> **The problem**
Among the entries below, only the lines from the one with "Cables Direct Online" through the one with "IWERP Cream 30th" are to be retyped, exactly and without pictures.

> **Recorded information**

--- START ---

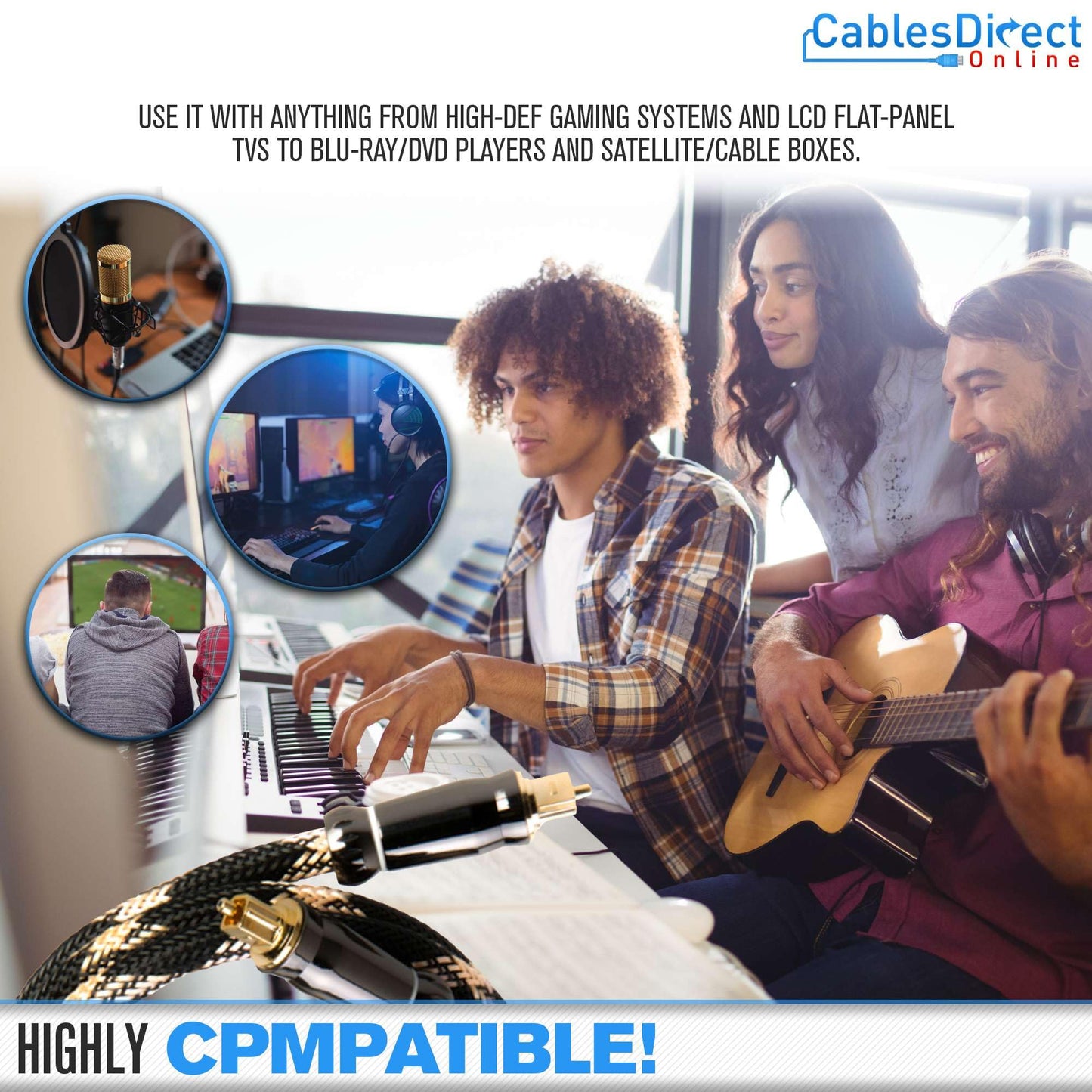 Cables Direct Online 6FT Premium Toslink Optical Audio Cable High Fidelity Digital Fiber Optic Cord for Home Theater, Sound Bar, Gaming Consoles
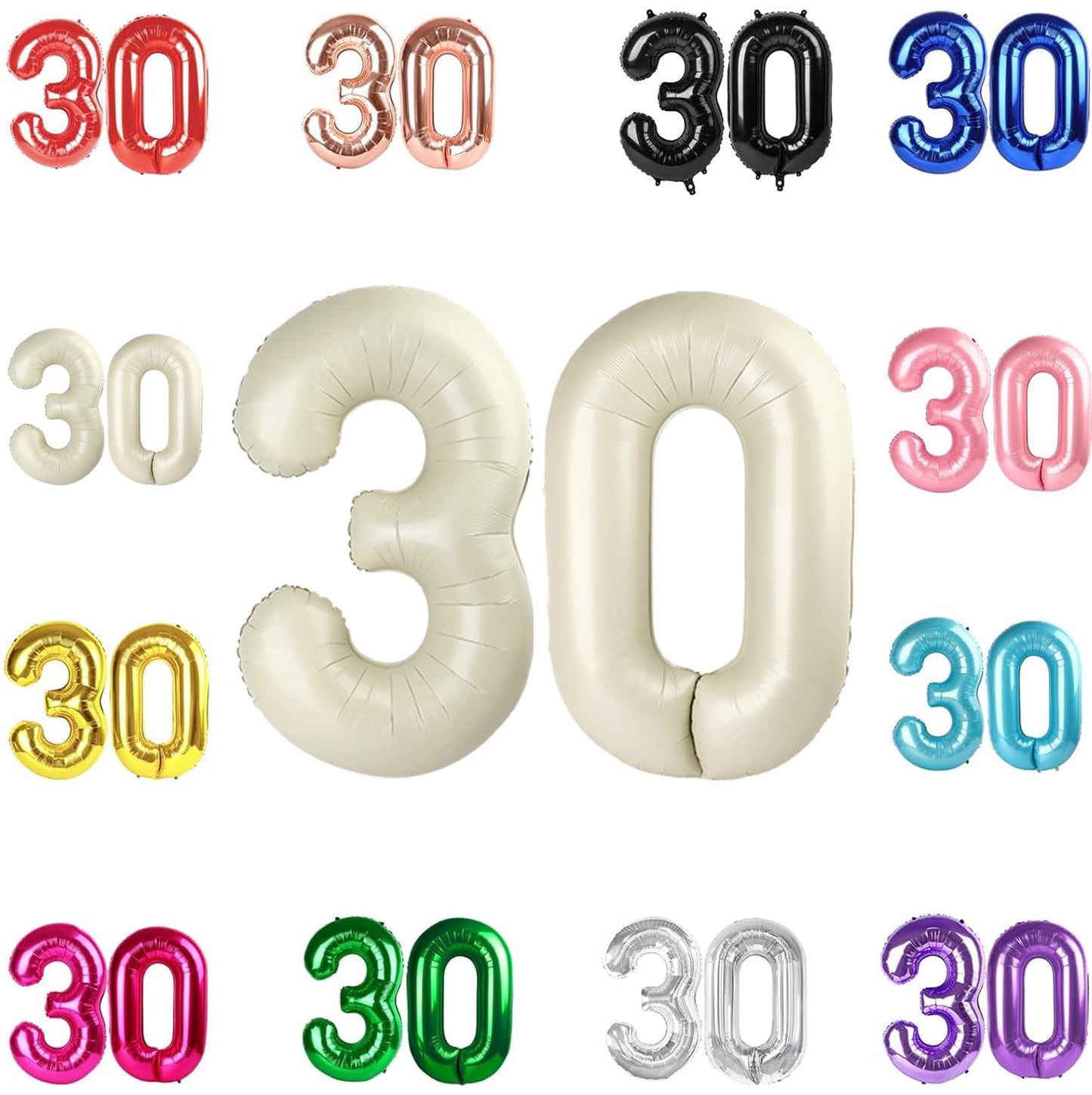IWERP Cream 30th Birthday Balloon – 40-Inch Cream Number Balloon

--- END ---
--- START ---

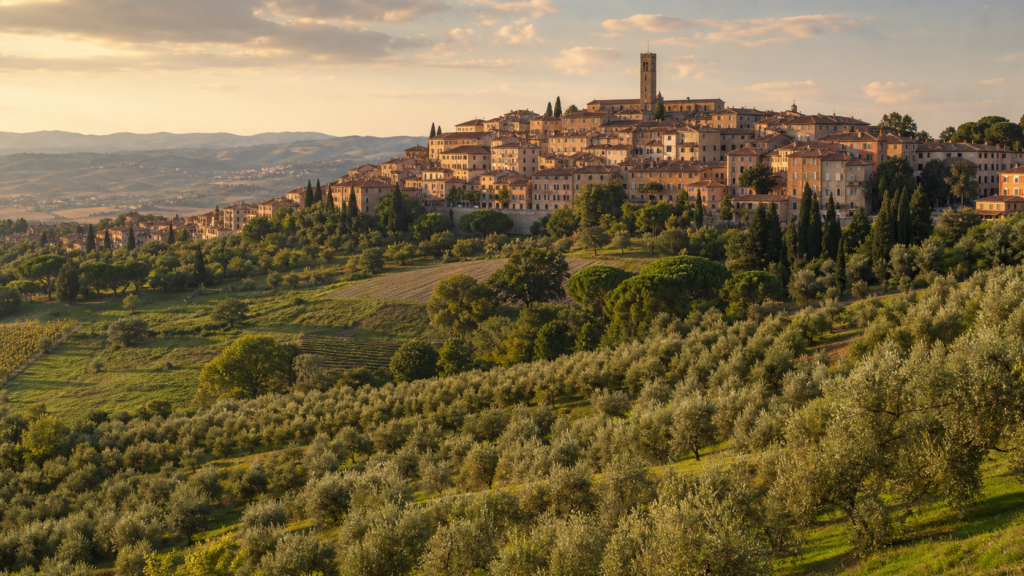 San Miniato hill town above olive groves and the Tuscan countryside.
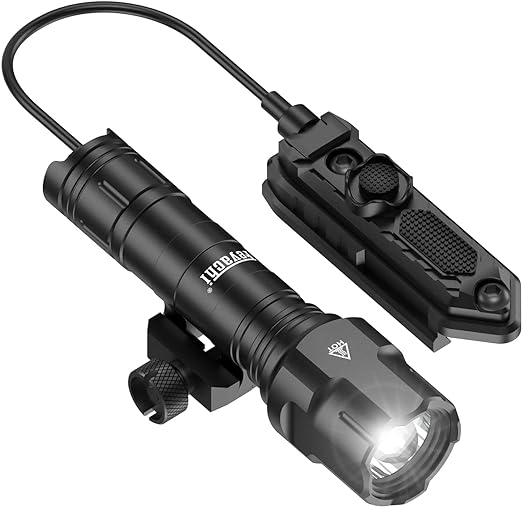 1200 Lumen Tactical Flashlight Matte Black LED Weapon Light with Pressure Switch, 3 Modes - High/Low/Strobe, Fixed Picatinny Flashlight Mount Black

--- END ---

> **Solution for this task**
 Cables Direct Online 6FT Premium Toslink Optical Audio Cable High Fidelity Digital Fiber Optic Cord for Home Theater, Sound Bar, Gaming Consoles
IWERP Cream 30th Birthday Balloon – 40-Inch Cream Number Balloon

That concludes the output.